▶ WORK ITEM: Drop the pictures and repeat exactly from the "我的萌宠，糖糖护卫驾到" line down to the last line of the entries below.

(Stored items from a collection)
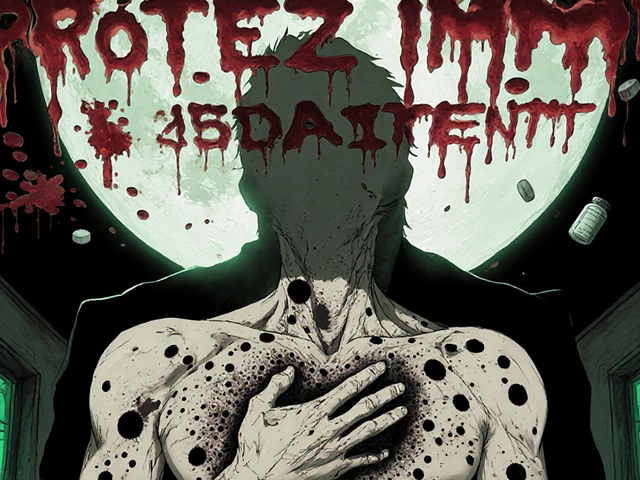 Quand les effets secondaires exigent d'arrêter un médicament immédiatement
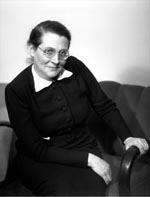 1959-1965: Helene Wessel, SPD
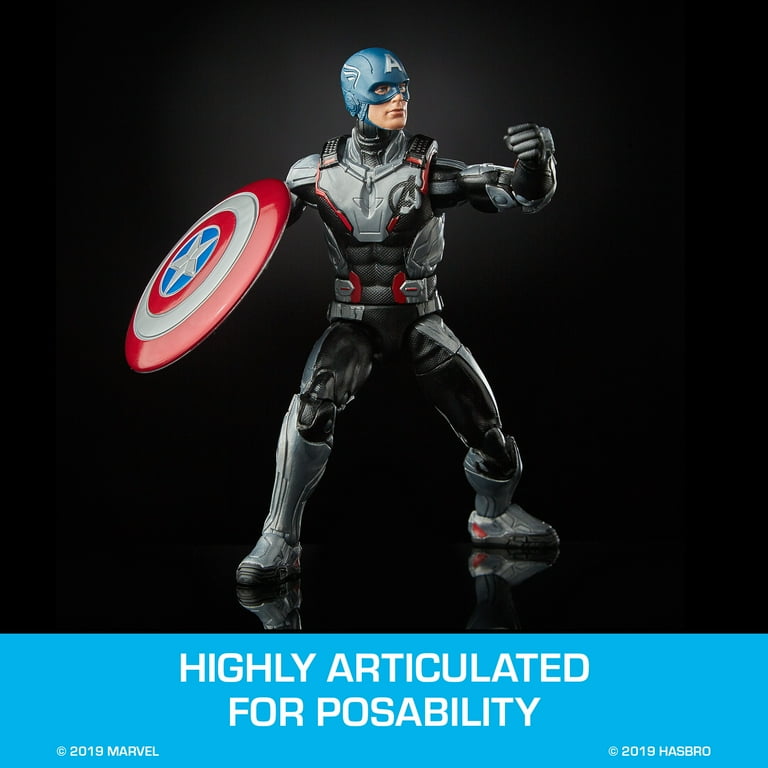 Marvel legends series sales 8 captain america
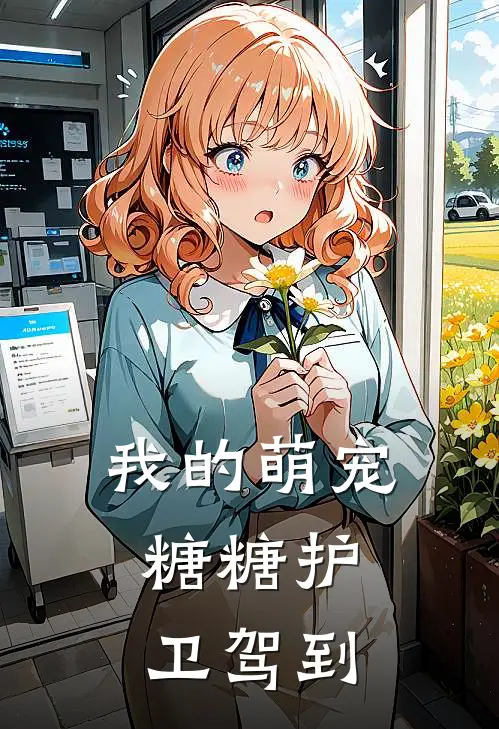 我的萌宠，糖糖护卫驾到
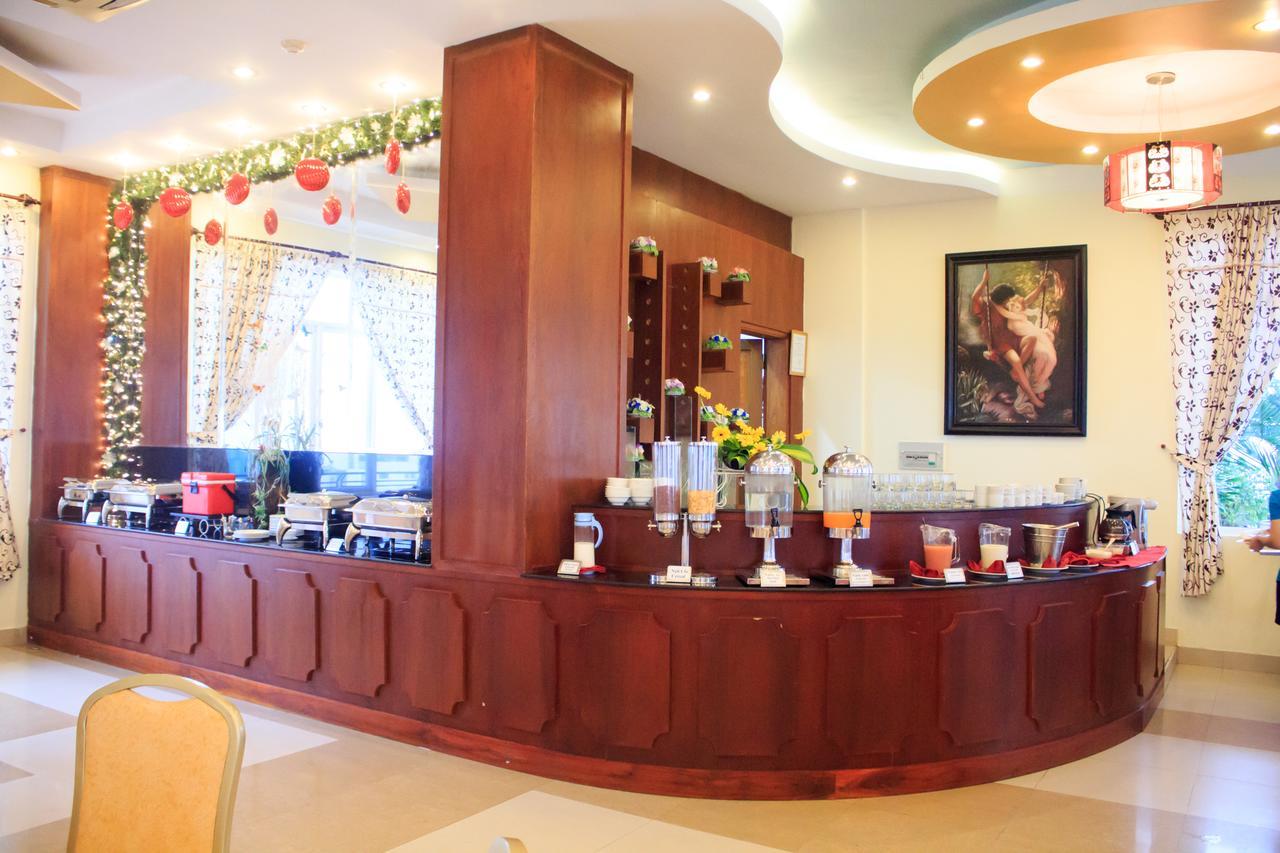 Angella Hotel Nha Trang Kültér fotó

▶ FINAL ANSWER:
 我的萌宠，糖糖护卫驾到
 Angella Hotel Nha Trang Kültér fotó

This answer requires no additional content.